The board’s report says the Department of Community, Rural & Gaeltacht Affairs should be closed down as its functions overlap with other departments or are or a “lower priority” to the public purse.
It claims subsuming the department’s functions into other departments and cutting 196 staff will save €151m annually.
The report states €67m could be saved through tackling the department’s “community” brief. It proposes to reduce funds to community and voluntary supports and programmes, saving €64m. Another €1.4m could be saved by discontinuing the RAPID scheme – which targets 45 of the most disadvantaged areas in the country.
The report sets out how the department’s work could be split between others, subsuming community and the islands into the Department of the Environment and drugs into the Department of Health and Children. Additionally, the report says cuts to Gaeltacht schemes would save €20.8m – as would slashing investment to the islands. Other cuts which are recommended similarly target community programmes.
An Bord Snip also calls for a critical examination of the retention of the Department of Arts, Sports and Tourism.
It proposes that 170 jobs be shed, with a saving of €104.8m next year and €85.5m a year thereafter. The board recommends a cut in funding for:
* Tourism marketing.
* Sports (including elimination of spending on Sports Campus Ireland).
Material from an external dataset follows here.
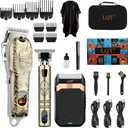 Hair Clippers Set for Men, Hair Clipper Trimmer with LED Display, Professional Cordless Hair Clipper Shaver Beard Trimmer, Hair Cutting Machine for Men, Holiday Gift for Him Father's Day Gift (Bronze)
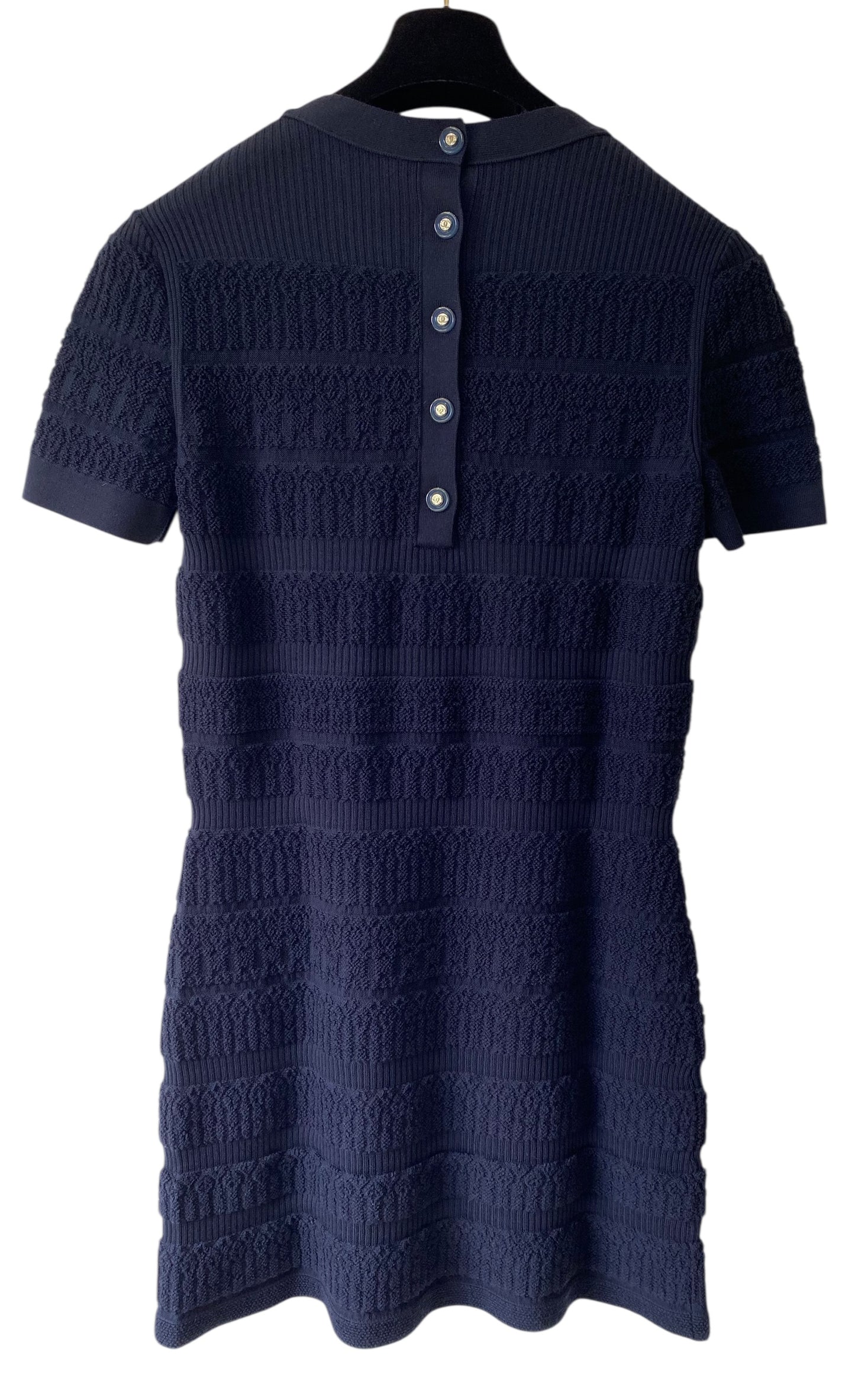 Chanel Navy Blue 2019 Wool Short Sleeve Textured Knit Dress FR 36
* The Horse and Greyhound Fund.
* The Arts Council and various cultural projects.
The biggest reduction in tourism funding will be the grant to Fáilte Ireland, saving €15m a year. However, tourism interests argue cutting funding to this extent will lose money rather than save it.
John Power, chief executive, of the Irish Hotels Federation said: “We fundamentally disagree with the proposed reductions... Marketing expenditure must be viewed as an investment which the Government continually recoups multi-fold each year for the exchequer.
“Any reduction in this funding will result in a corresponding decline in industry performance and exchequer receipts.”
The board identified €21.7m in possible savings in the funding of sport. It proposed to reduce the allocation of funding to the Irish Sports Council by €17.7m from the current allocation of €52m. “The Irish Sports Council must achieve efficiencies by prioritising programmes,” the report said.